When a Game Boy cartridge is first manufactured, or when its internal battery is replaced, the contents of its save data are uninitialized and effectively random. When the game is saved, it has to put some sort of pattern into its data that is unlikely to occur by chance, so that it can distinguish actual save data from random noise. In the case of Pokémon Crystal Version’s Mobile Stadium, the pattern is that the data must end with the characters “P3” followed by a checksum. If “P3” doesn’t appear where it should, or if the checksum is incorrect, then Pokémon Stadium Gold & Silver knows there’s no Mobile Stadium data. If both “P3” and the checksum are correct, then it can safely assume that Mobile Stadium data was written deliberately.

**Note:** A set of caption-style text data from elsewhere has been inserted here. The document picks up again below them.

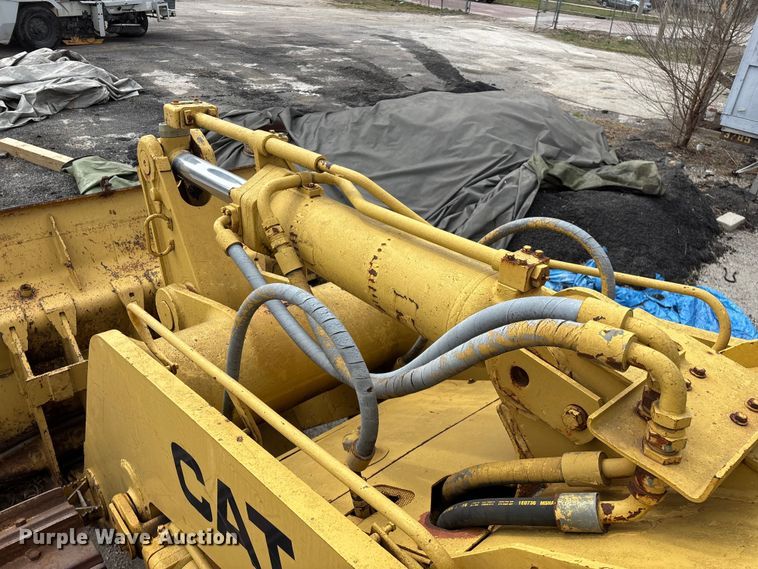 image for item EO4063 1982 Caterpillar 963 loader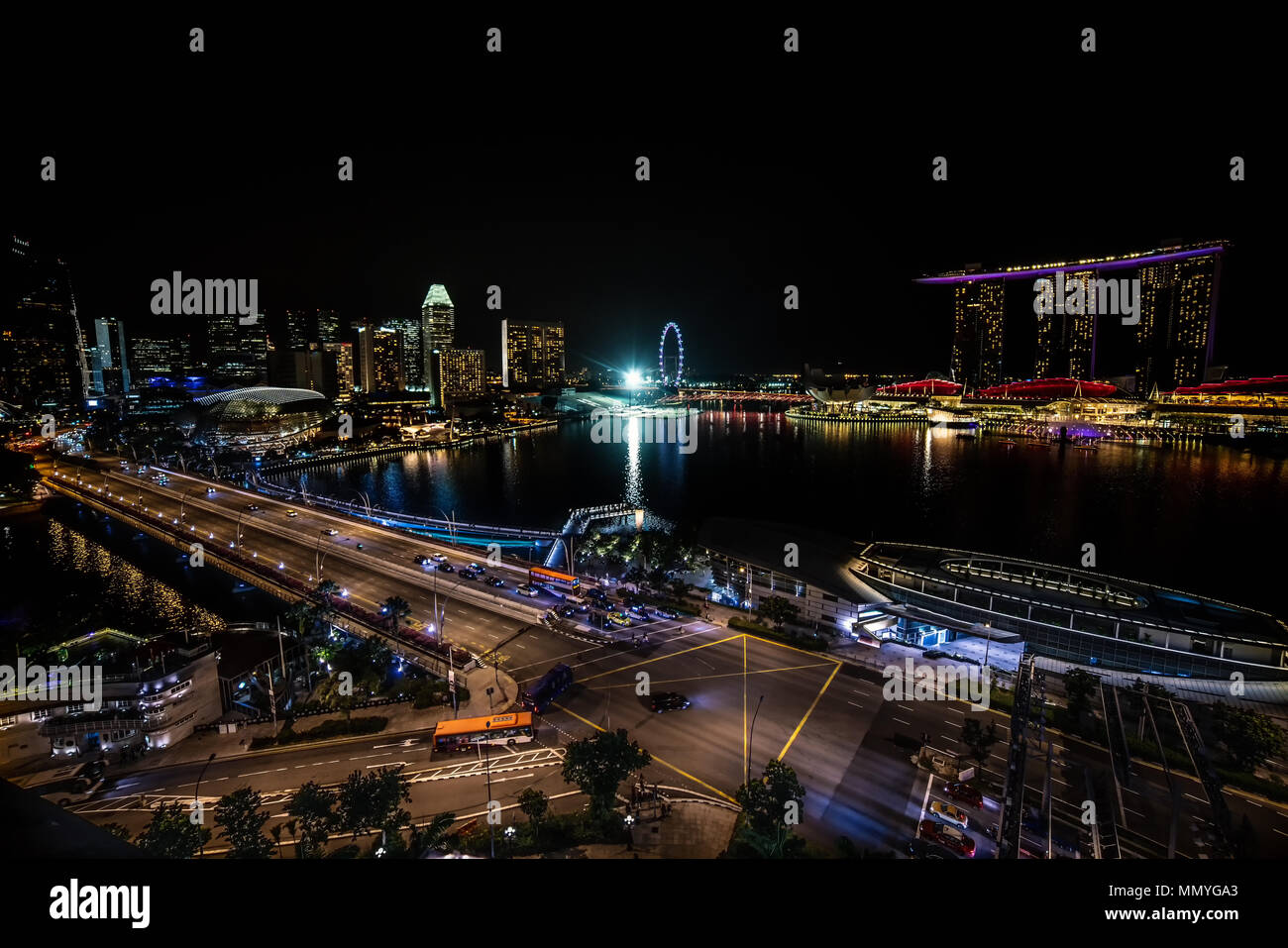 Notte antenna Vista panoramica della città di Singapore Foto Stock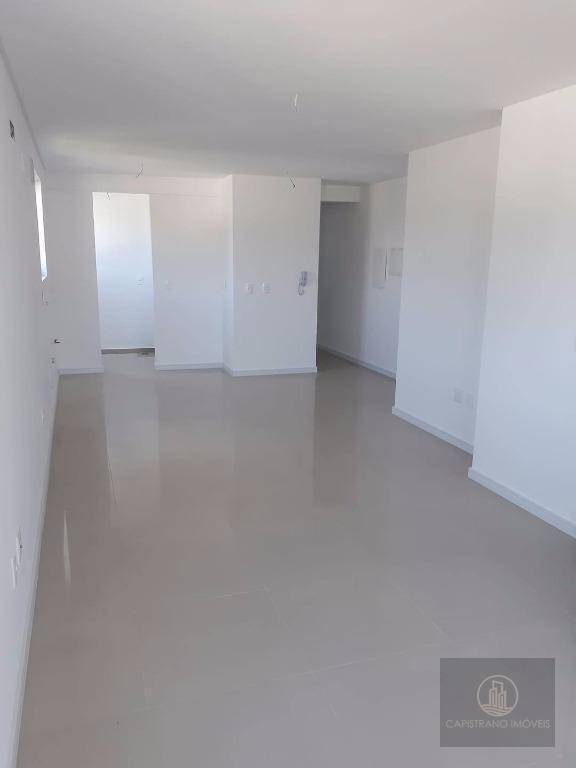 Apartamento à venda com 2 quartos, 80m² - Foto 3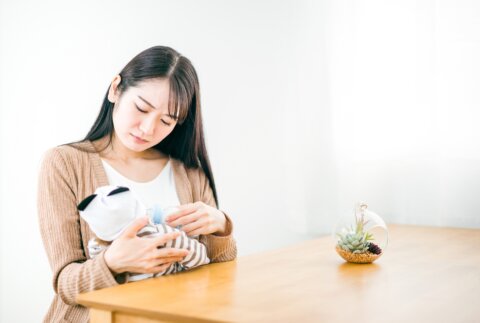 授乳 哺乳瓶 ミルク 24304327_m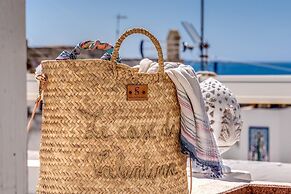 Bilocale con Affreschi e Vista Mare in Centro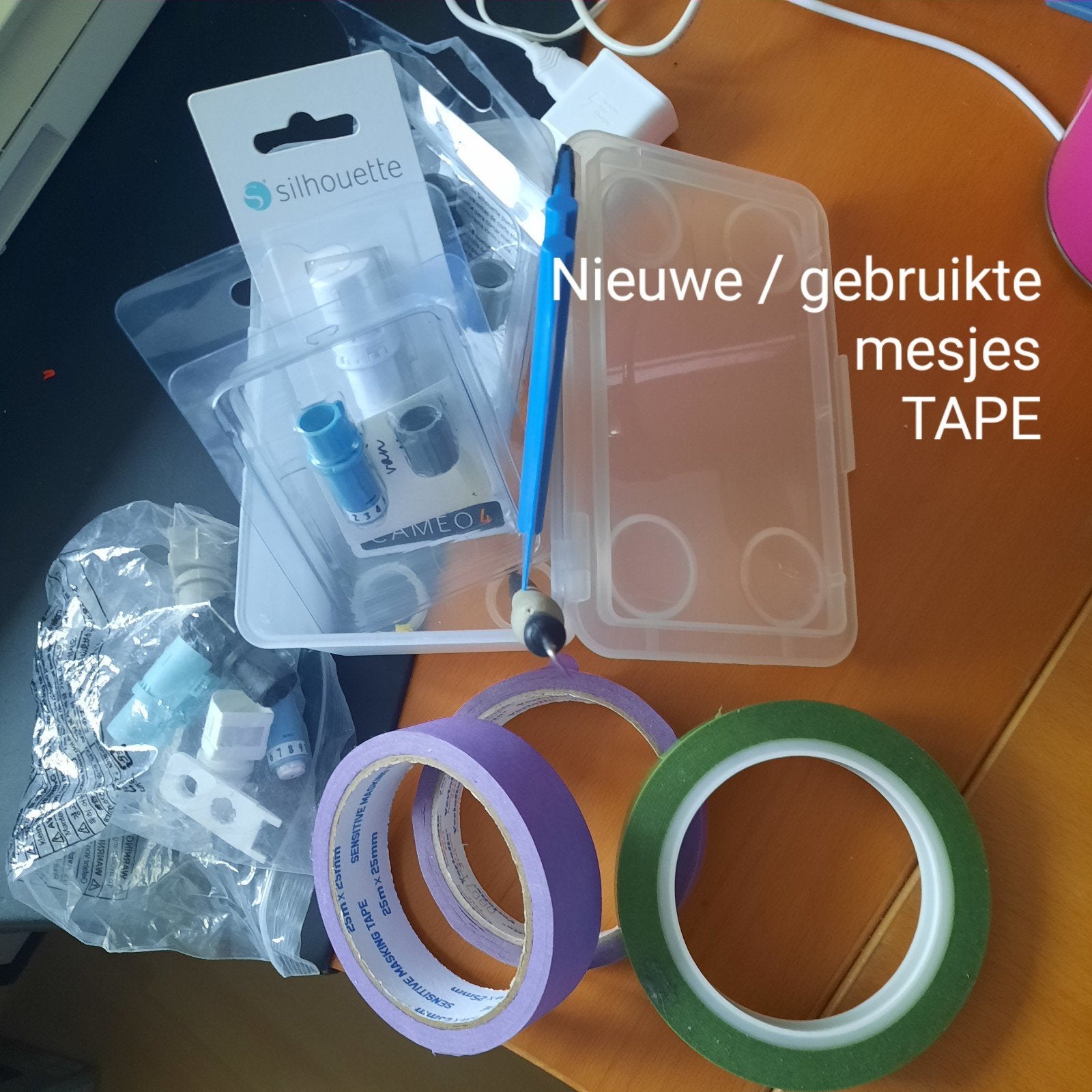 Foto 5 van Te Koop Silhouette Cameo 4 + hitte pers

Because the Transfer Pak is fairly slow, most of Pokémon Stadium Gold & Silver’s game modes only load the specific blocks of data that they need from the Game Boy cartridge. For example, Event Battle needs the players’ six party Pokémon, but it doesn’t need any Pokémon from PC boxes or any data from Mobile Stadium, so it doesn’t load those. But there are a few parts of the game where the developers didn’t bother to pick and choose which data they needed; they instead just read all the things. And if any of that data needs to be updated, they just write all the things back to the Game Boy cartridge. And in the process of writing all the things, the game writes the characters “P3” at the end of the Mobile Stadium data and recalculates the checksum, ensuring that the data is treated as valid even if it wasn’t before.

I haven’t identified all of the game modes that do this, but one of them is My Room (also known as Your Room, because pronouns are hard), the mode that shows room decorations from Pokémon Gold, Silver, and Crystal Versions. If you go into My Room with a Crystal cartridge, it will load Mobile Stadium data along with all the other data. If you change any decorations, and save your changes, the Mobile Stadium checksum will be recalculated. If you go into My Room with that cartridge a second time, the game will confidently assume the Mobile Stadium data is valid and look for the flags to unlock the Game Boy Advance and GameCube in Delibird’s Delivery. If your Crystal cartridge has never downloaded Mobile Stadium data, and has never had its save data cleared with Up + Select + B, then it should still contain the same random data that it did when the battery was installed. Theoretically, that random data has a 50% chance to unlock the Game Boy Advance and, independently, a 50% chance to unlock the GameCube. Here’s a demonstration:

Because this glitch is so easy to trigger through normal gameplay, it is difficult to know if these flags were ever officially enabled through Mobile Stadium. Did the developers learn of the glitch and decide to abandon the feature? Or did they enable it quietly without drawing attention to the mistake?